Use Case: OPA Scalability in Kubernetes
You are a new-tech financial transaction management system and you want to use Policy as Code to implement your Zero Trust solution. You want to scale to thousands of transactions per second, and expect the PaC agents to keep up. You’ve chosen Open Policy Agent (OPA) as your PaC solution. You’re using Envoy to forward all valid requests to an OPA sidecar for authorization, so the applications do not need to be aware of the policy regime at all.
The Problem
You are struggling to get sufficient transactions-per-second (TPS) for your solution. Your applications are able to process many more TPS than the OPA sidecar. You can’t seem to consistently get OPA to support more than 1500 TPS. How can you improve the throughput of OPA in this environment.
Evaluation
In isolation, OPA has been measured to support 16,000 TPS with a dedicated high-resource server. Using Docker containers to simulate the K8S architecture on local PCs, you can typically get 3k - 5k TPS out of OPA.

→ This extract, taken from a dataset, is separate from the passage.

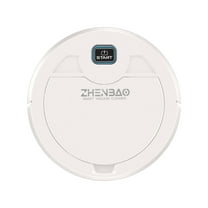 HOZVOMI Smart Home Charging Sweeping Robot Vacuum Cleaner, Three-in-One, USB Rechargeable, Compact Body, 100 Min Working Time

In our evaluation, we experimented with several options:
Varying the CPUs and memory allocation(s) available to OPA.
Simplifying the policy rules to the bare minimum.
Optimizing the policy bundles.
Using Enterprise OPA instead of the open-source agent.
Use different communications protocols between OPA and Envoy.
Results
Our findings were that in the K8S Envoy-OPA architecture, consistent performance above 1500 TPS could not be achieved. No matter how much memory or CPU was allocated to the OPA sidecar, better performance was not seen. Simplifying and optimizing the rules also demonstrated no concrete benefits. Research into other organizations performing similar experiments demonstrated similar, if not worse performance for their transactional throughput.
We provided several recommendations for improvements, including:
Moving OPA so that it was attached to the application, rather than to Envoy.
Creating a centralized cluster of OPAs using dedicated hardware.
Limiting the use of OPA to the creation of the claims in JWTs, and modifying the applications to make decisions about access via those claims.
Ultimately, the customer decided to keep the solution as-is for the moment, and scale up the number of K8S nodes as required to meet their transactional needs.
We (PACLabs) continue to research this to determine what causes such disparate performance.